The SHA224 hashes proved to be quite intriguing. We identified two basewords ‘hacker’ and ‘homecoming’ and quickly noticed the plaintexts were based on a heavily mangled version of these words. This included case toggles throughout the whole word, coupled with insertions/deletions, overstrikes and character swaps. It was evident that although being 2 simple basewords, this would result in an insanely large keyspace as the plaintext length increased. Once an adequate amount of plains were cracked, some users switched over to markov models, including the use of OMEN, PCFG_Cracker and PrinceProcessor and these tools gave us a decent amount of hits. We would also cycle the extracted rules from the plaintext through other basewords, as this would allow us to identify potential basewords, we thought we found another ‘ihatecooking/ihatecoding’, though this was possibly an artifact of the mutations on the original two basewords.

Thoughts

It would appear we were the first team to submit cracks for every algorithm, though we are unsure whether we were the first to actually solve all the challenges as other teams may have been working on the hashes or busy parsing them or had not actually submitted cracks yet.

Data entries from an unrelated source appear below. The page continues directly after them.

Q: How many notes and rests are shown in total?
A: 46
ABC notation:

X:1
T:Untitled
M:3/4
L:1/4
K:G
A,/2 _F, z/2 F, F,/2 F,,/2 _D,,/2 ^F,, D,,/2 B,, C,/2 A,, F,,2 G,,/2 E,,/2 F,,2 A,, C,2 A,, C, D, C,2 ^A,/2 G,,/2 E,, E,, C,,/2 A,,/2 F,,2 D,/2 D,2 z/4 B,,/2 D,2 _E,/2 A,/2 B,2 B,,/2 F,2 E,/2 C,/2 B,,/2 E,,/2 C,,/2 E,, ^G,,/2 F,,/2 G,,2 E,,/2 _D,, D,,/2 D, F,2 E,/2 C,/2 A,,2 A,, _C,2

If we didn’t push the envelope of password cracking, we sure pushed the envelope of interpreting a chunk of repeating bytes and demonstrating our creativity in trying to make something useful out of it. More than enough resources were spent on this task, if you are reading this Korelogic, please check your inbox for a laugh.

This year’s contest was structured quite differently to last year. Teams who were unable to solve the challenges would not have been able to unlock the hashes, in a way it pushed teams to explore. However, this would have punished teams less experienced with CTF style challenges causing a huge idle of processing power. We tried our best to keep Team Hashcat on their toes and traded places with them 5 times throughout the contest. Team Hashcat demonstrated their expertise and skills by cracking almost the most hashes across algorithms, while Hashmob was also able to keep up by solving the hashes quite rapidly once a challenge was unlocked. Towards the end of the contest when all the teams had solved all the challenges it came down to being able to constantly supply new founds as this would allow us to at least maintain our position.

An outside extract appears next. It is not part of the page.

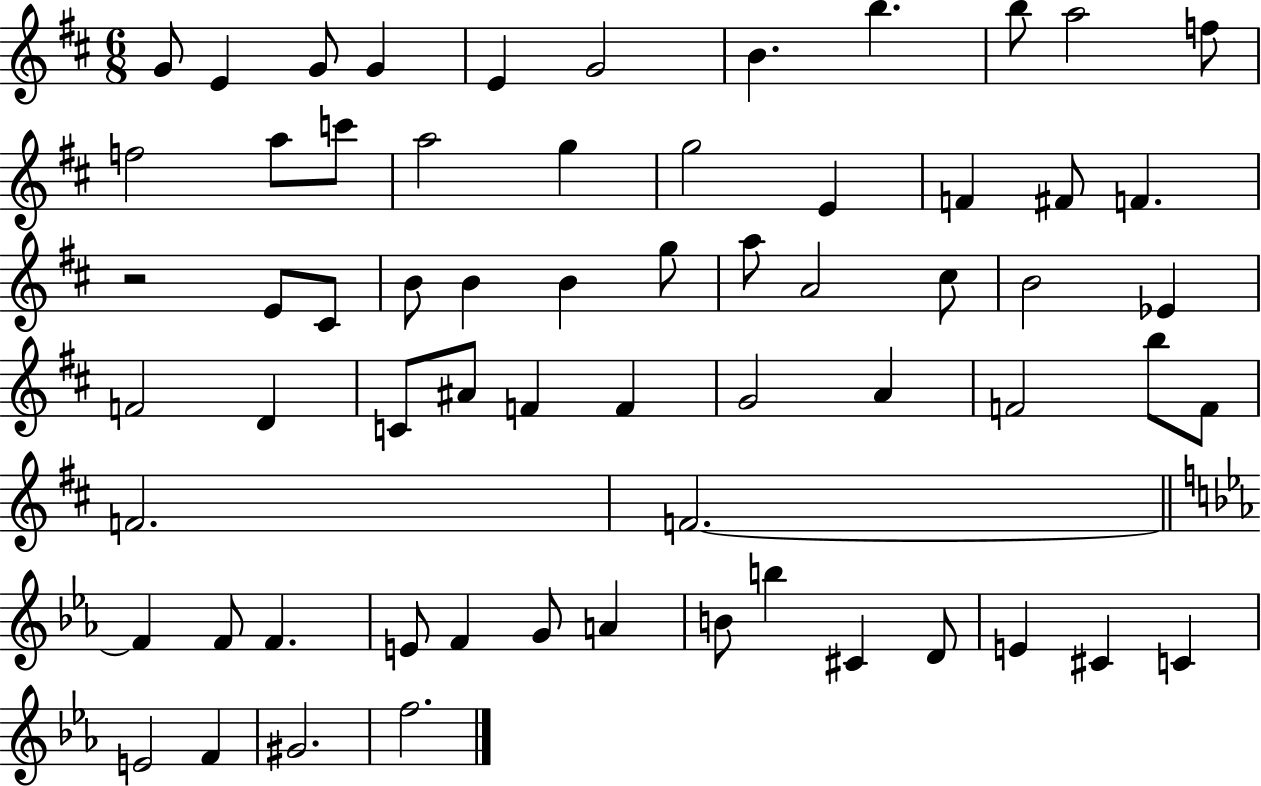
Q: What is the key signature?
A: D major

As a group we had excellent team synergy, as a contest other than the red herrings it was well thought out and planned, as a competition we thoroughly enjoyed facing our competitors Team Hashcat, Hashmob, john-users, achondritic and trontastic.

Footnotes:

We are well aware that you cannot “de-hash” as hashes are strictly one way digests. It has not stopped others using it and has not stopped us from having a friendly poke at it. See here for more info.